Once the line holding "Menu_La Tienda de" is found in the entries below, transcribe exactly every line up to and including the one holding "Очиқ ҳукумат ишлари", but leave out the pictures.

The records =
===============

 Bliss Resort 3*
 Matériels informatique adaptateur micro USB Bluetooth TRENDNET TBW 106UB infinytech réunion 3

===============

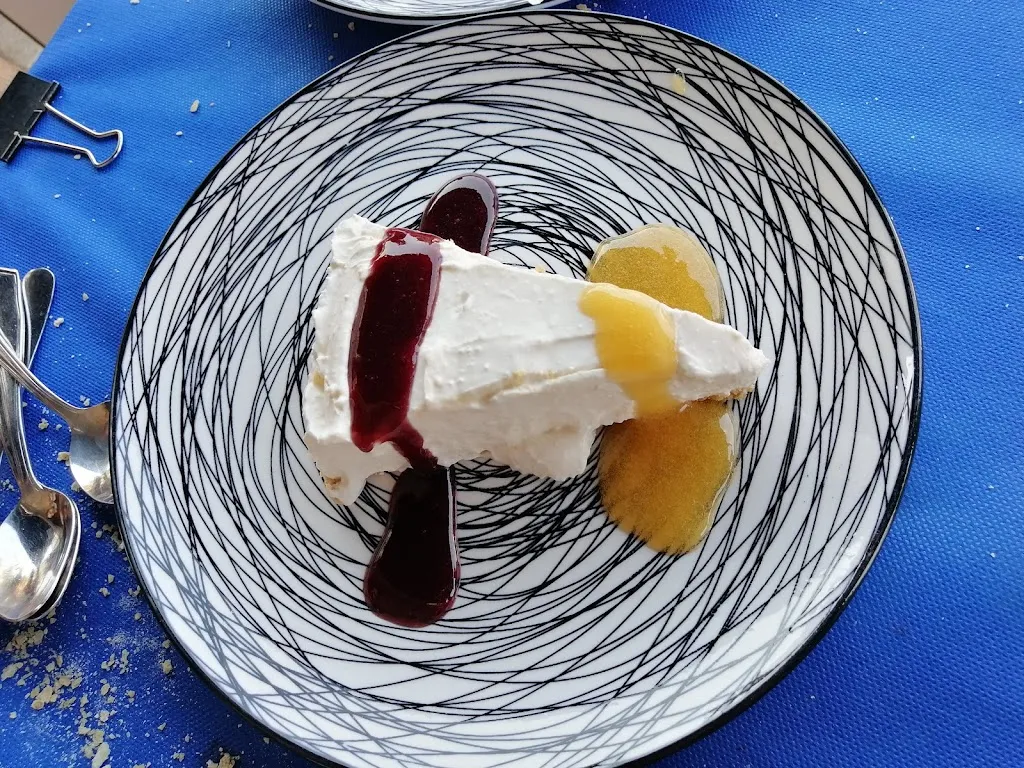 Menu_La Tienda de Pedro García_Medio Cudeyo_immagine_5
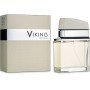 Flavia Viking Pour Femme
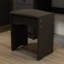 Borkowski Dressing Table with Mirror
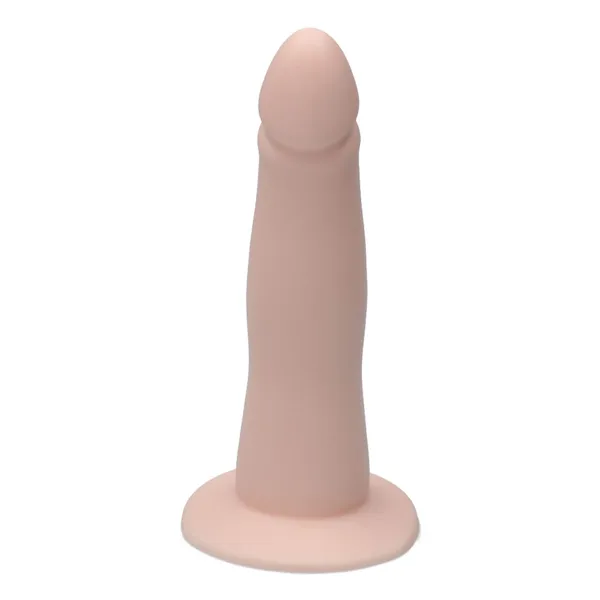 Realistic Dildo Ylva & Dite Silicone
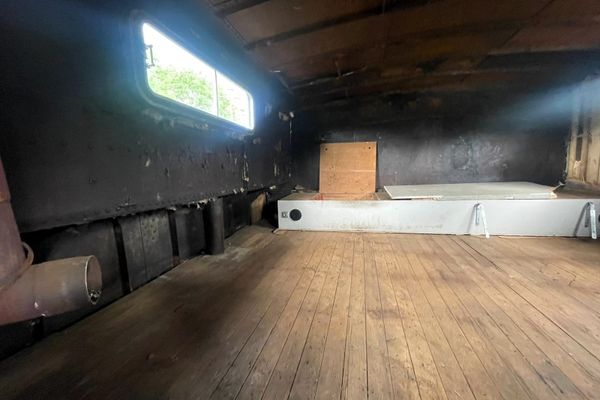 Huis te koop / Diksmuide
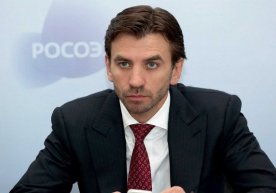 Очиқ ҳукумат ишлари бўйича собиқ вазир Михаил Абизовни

===============

Output of the exercise =
 Menu_La Tienda de Pedro García_Medio Cudeyo_immagine_5
 Flavia Viking Pour Femme
 Borkowski Dressing Table with Mirror
 Realistic Dildo Ylva & Dite Silicone
 Huis te koop / Diksmuide
 Очиқ ҳукумат ишлари бўйича собиқ вазир Михаил Абизовни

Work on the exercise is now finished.